FCDP: Fully Cached Data Parallel for Communication-Avoiding Large-Scale Training
Gyeongseo Park, Eungyeong Lee, Song-woo Sok, Myung-Hoon Cha, Kwangwon Koh, Baik-Song An, Hongyeon Kim, Ki-Dong Kang
TL;DR
FCDP addresses the inter-node communication bottleneck in fully sharded data parallel training (ZeRO-3) on commodity hardware by introducing host-memory as a fast caching layer. It combines three components: FCDP-Sched to cache forward parameters for the backward pass, FCDP-Cache to adaptively place parameters between GPU and host memory, and FCDP-Comm to exploit PEFT-awareness by caching frozen weights and only exchanging trainable adapters. This yields a 50% reduction in backward inter-node communication, up to 99.9% reduction for PEFT workloads, and up to 41.3% higher throughput than ZeRO-3 while maintaining the same maximum batch size. On commodity clusters, FCDP thus matches or exceeds the throughput of GPU-based caching methods without sacrificing memory capacity, enabling efficient training of very large models and PEFT fine-tuning with minimal inter-node traffic.
Abstract
Training billion-parameter models requires distributing model states across GPUs using fully sharded data parallel (i.e., ZeRO-3). While ZeRO-3 succeeds on clusters with high-bandwidth NVLink and InfiniBand interconnects, researchers with commodity hardware face severe inter-node all-gather bottlenecks. Existing optimizations take two approaches: GPU memory caching (MiCS, ZeRO++) trades memory capacity for reduced communication, triggering out-of-memory failures on large models; host memory offloading (ZeRO-Offload, ZeRO-Infinity) extends capacity but degrades throughput due to PCIe overhead. We observe that on bandwidth-limited clusters, host memory can serve not as an overflow tier but as a fast caching layer that outperforms inter-node communication. Based on this insight, we propose FCDP, which eliminates redundant inter-node communication while preserving ZeRO-3's minimal GPU memory footprint.
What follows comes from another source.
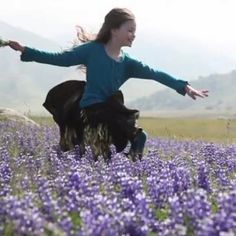 a woman riding on the back of a black horse in a field of purple flowers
FCDP caches forward-pass parameters in host memory and reuses them during the backward pass via fast intra-node all-gather, reducing inter-node all-gather by 50%. For parameter-efficient fine-tuning (PEFT), FCDP selectively communicates only trainable parameters to maximize caching, reducing inter-node traffic by over 99%. In our commodity cluster setup, FCDP achieves up to 100x higher throughput than ZeRO-3 and 51x higher than ZeRO++, while maintaining ZeRO-3's maximum batch size.